== Task instructions ==
No pictures, nothing altered: return the data below.

(Web page caption snippets)
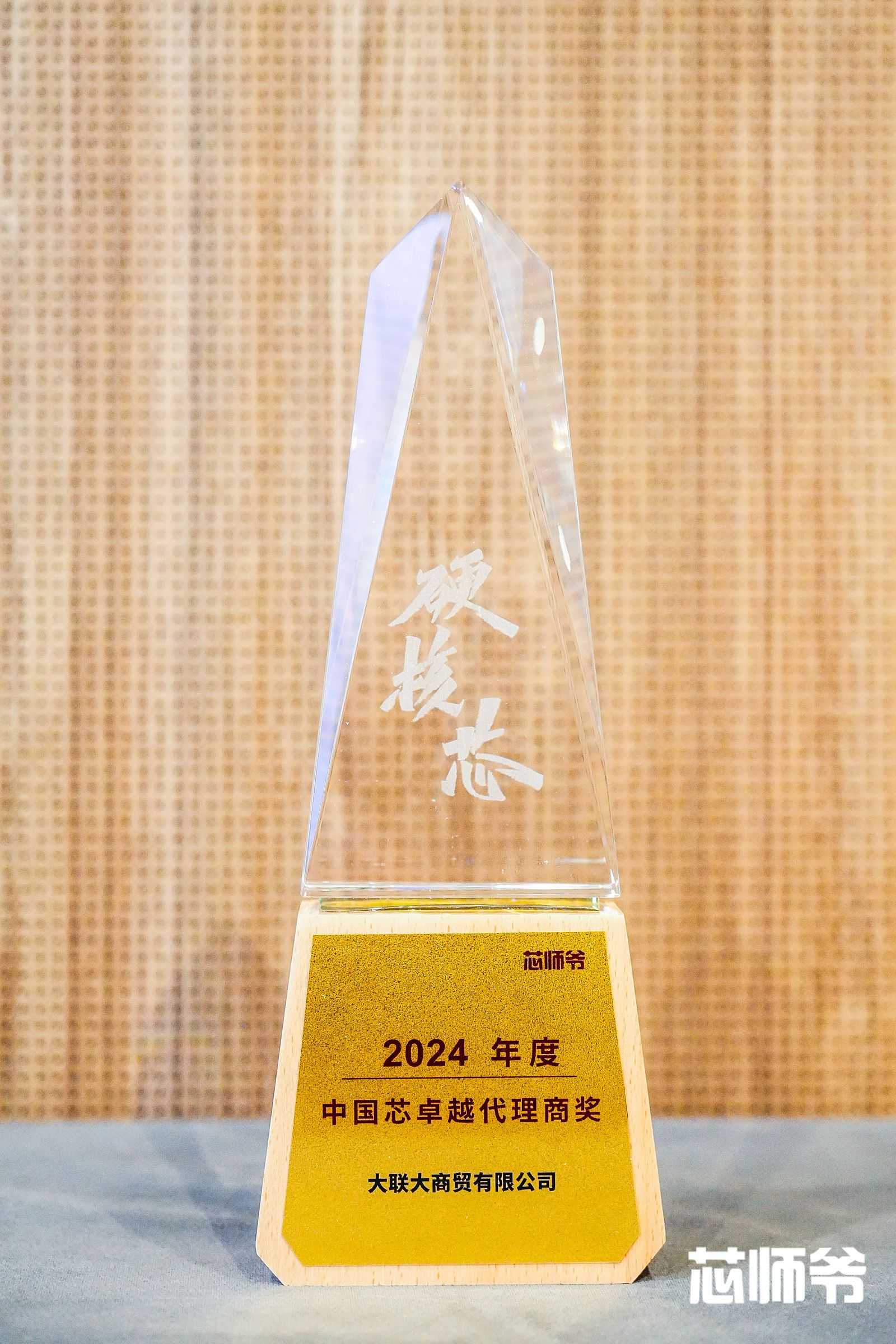 實力硬核！大聯大榮獲2024年度“中國芯卓越代理商獎”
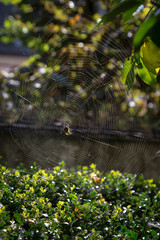 Dicke Spinne im Netz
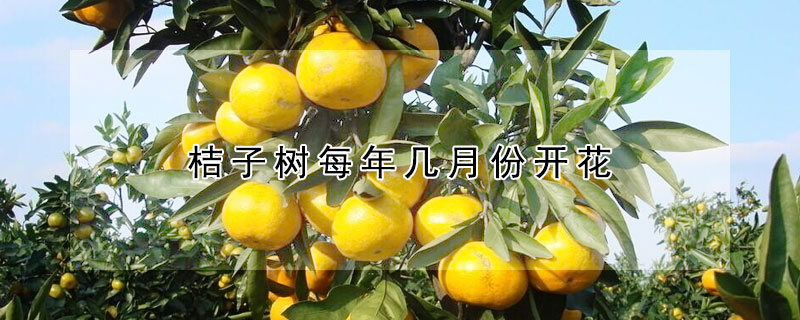 桔子樹每年幾月份開花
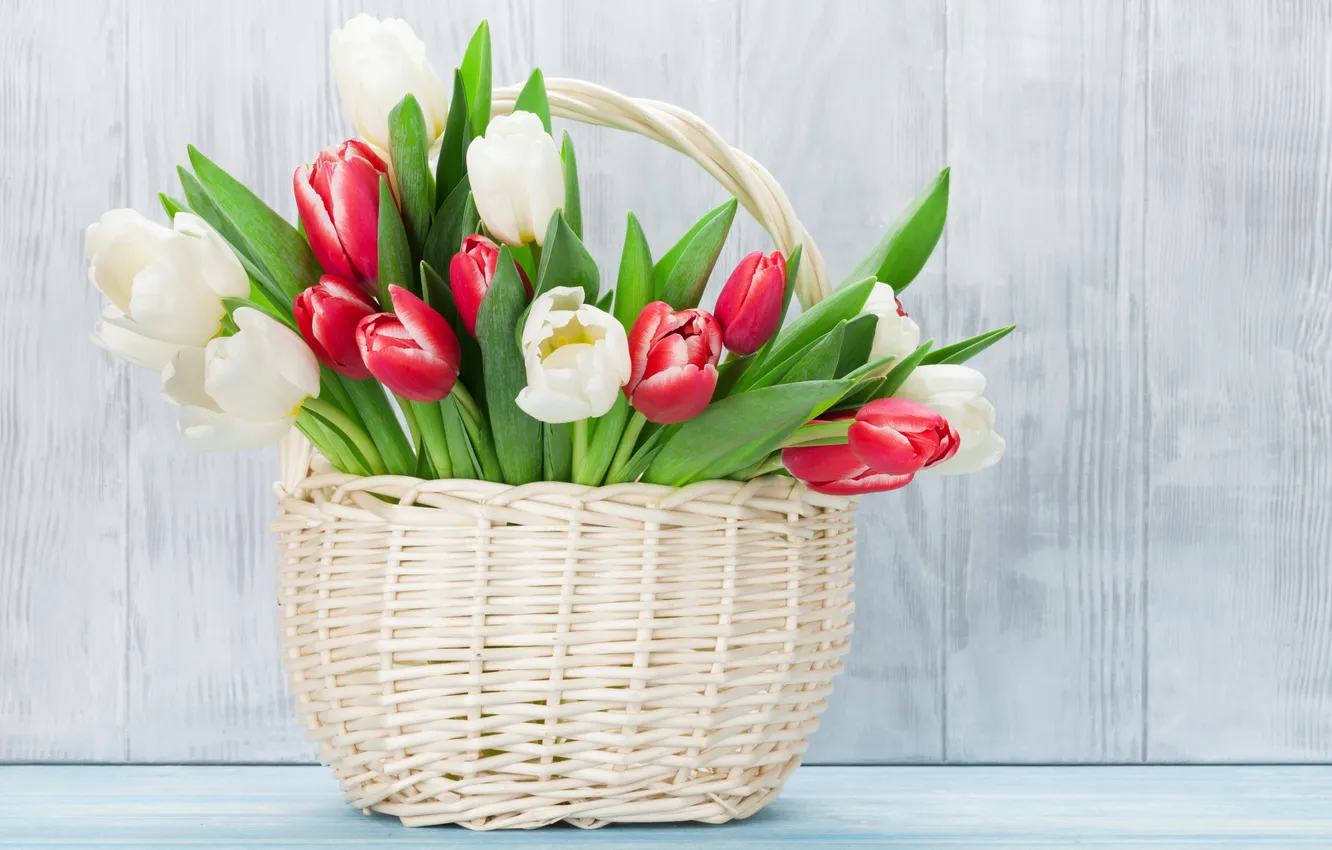 Фото обои цветы, букет, тюльпаны, red, white, wood, flowers, tulips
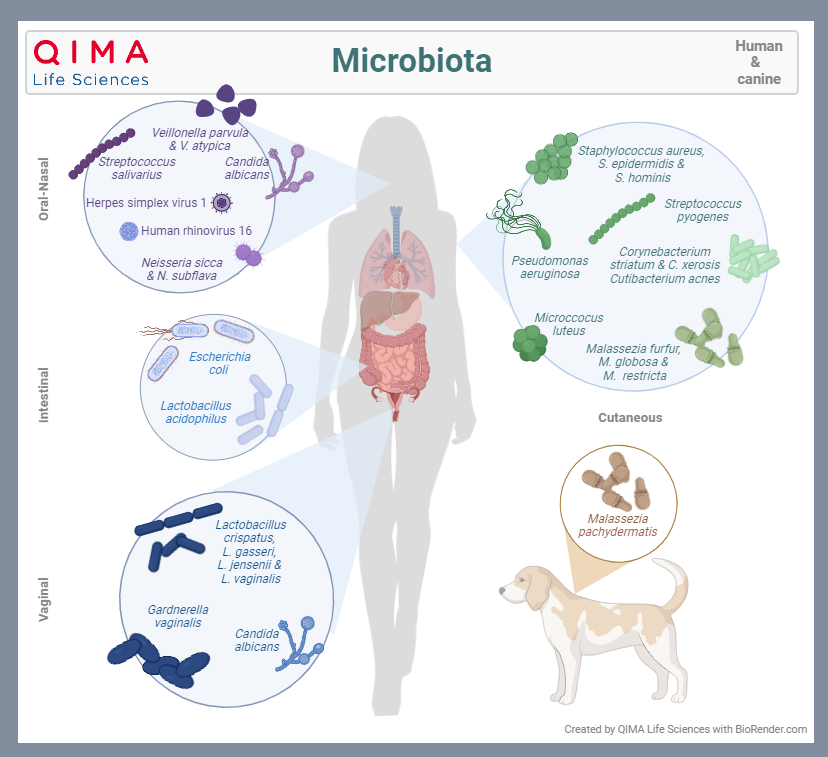 Microbiota microoragisms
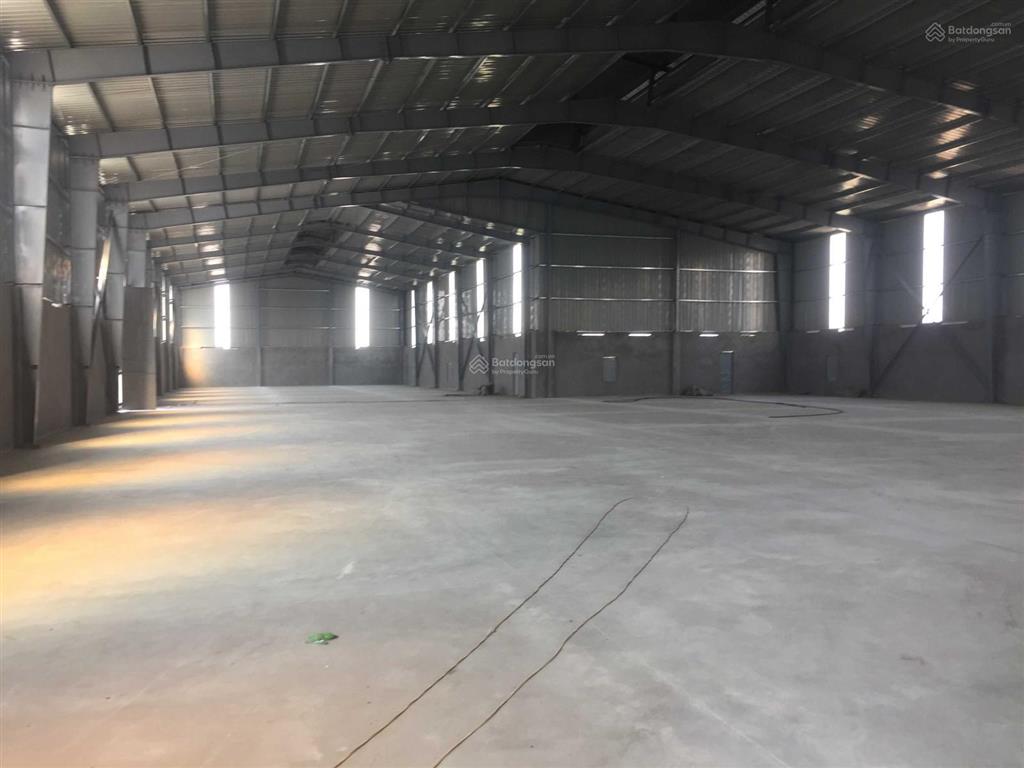Cho thuê xưởng 10000m2 cụm công nghiệp tiên lãng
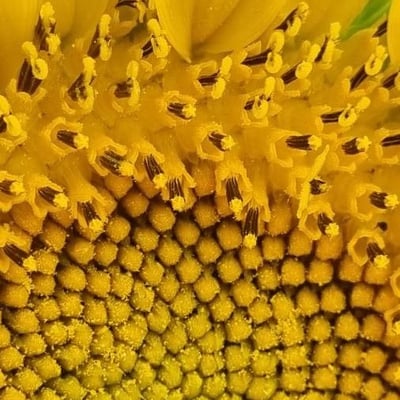 Helianthus annuus — flower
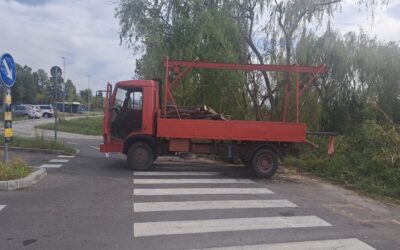 Elkezdte kivágni a város fáit, majd miután az intézkedő rendőr elment, elvitte amit addig kivágott (Fotók+Videó)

== Result of the exercise ==
 實力硬核！大聯大榮獲2024年度“中國芯卓越代理商獎”
 Dicke Spinne im Netz
 桔子樹每年幾月份開花
 Фото обои цветы, букет, тюльпаны, red, white, wood, flowers, tulips
 Microbiota microoragisms
Cho thuê xưởng 10000m2 cụm công nghiệp tiên lãng
 Helianthus annuus — flower
 Elkezdte kivágni a város fáit, majd miután az intézkedő rendőr elment, elvitte amit addig kivágott (Fotók+Videó)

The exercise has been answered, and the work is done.